§ Work task: Restate the data below word for word, omitting pictures.

§ Data provided:
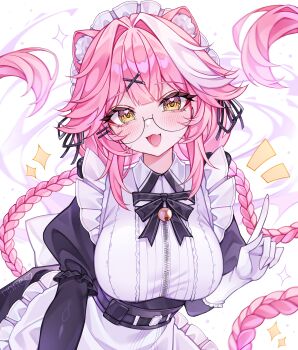 Rule 34 | 1girl, absurdres, animal ear fluff, animal ears, apron, artist name, bell, black bow, blush, bow, braid, breasts, cat ears, center-flap bangs, center frills, collared dress, commentary, dress, english commentary, fang, frilled apron, frills, glasses, gloves, hair intakes, hair ornament, heart, heart in eye, highres, hololive, hololive english, index finger raised, juliet sleeves, long hair, long sleeves, looking at viewer, low twin braids, maid, maid headdress, multicolored hair, notice lines, official alternate costume, official alternate hairstyle, open mouth, panther ears, panther girl, pink hair, puffy sleeves, raora panthera, raora panthera (maid), rinne (rinne oi), round eyewear, skin fang, smile, solo, sparkle, streaked hair, symbol in eye, twin braids, upper body, white gloves, white hair, x hair ornament, yellow eyes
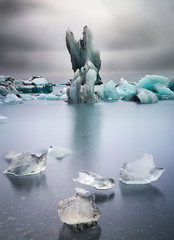 Iceberg landscape Iceland glacier drifting pack ice © kikkerdirk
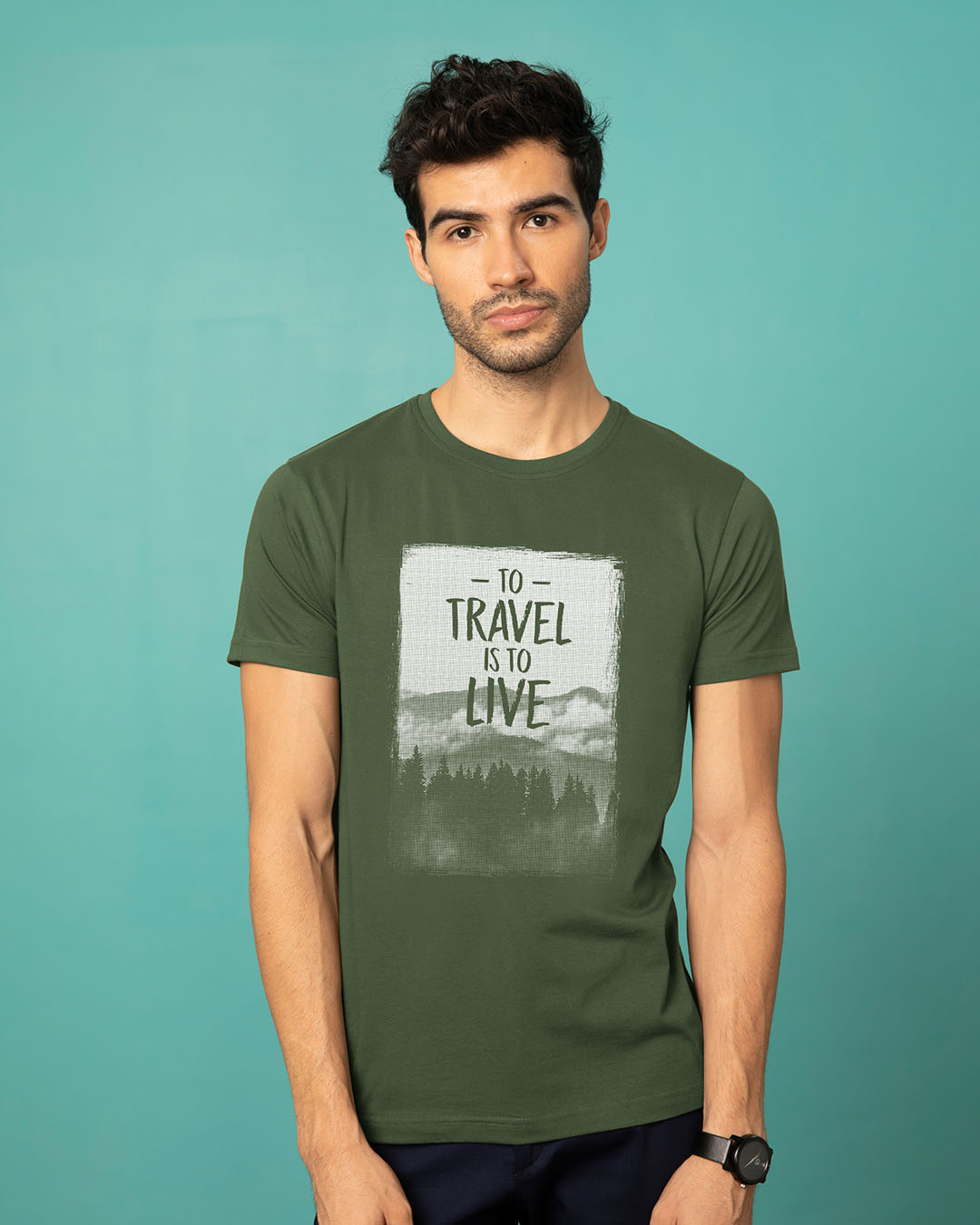 Shop To Travel Is To Live Half Sleeve T-Shirt-Back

§ Written response:
 Rule 34 | 1girl, absurdres, animal ear fluff, animal ears, apron, artist name, bell, black bow, blush, bow, braid, breasts, cat ears, center-flap bangs, center frills, collared dress, commentary, dress, english commentary, fang, frilled apron, frills, glasses, gloves, hair intakes, hair ornament, heart, heart in eye, highres, hololive, hololive english, index finger raised, juliet sleeves, long hair, long sleeves, looking at viewer, low twin braids, maid, maid headdress, multicolored hair, notice lines, official alternate costume, official alternate hairstyle, open mouth, panther ears, panther girl, pink hair, puffy sleeves, raora panthera, raora panthera (maid), rinne (rinne oi), round eyewear, skin fang, smile, solo, sparkle, streaked hair, symbol in eye, twin braids, upper body, white gloves, white hair, x hair ornament, yellow eyes
 Iceberg landscape Iceland glacier drifting pack ice © kikkerdirk
 Shop To Travel Is To Live Half Sleeve T-Shirt-Back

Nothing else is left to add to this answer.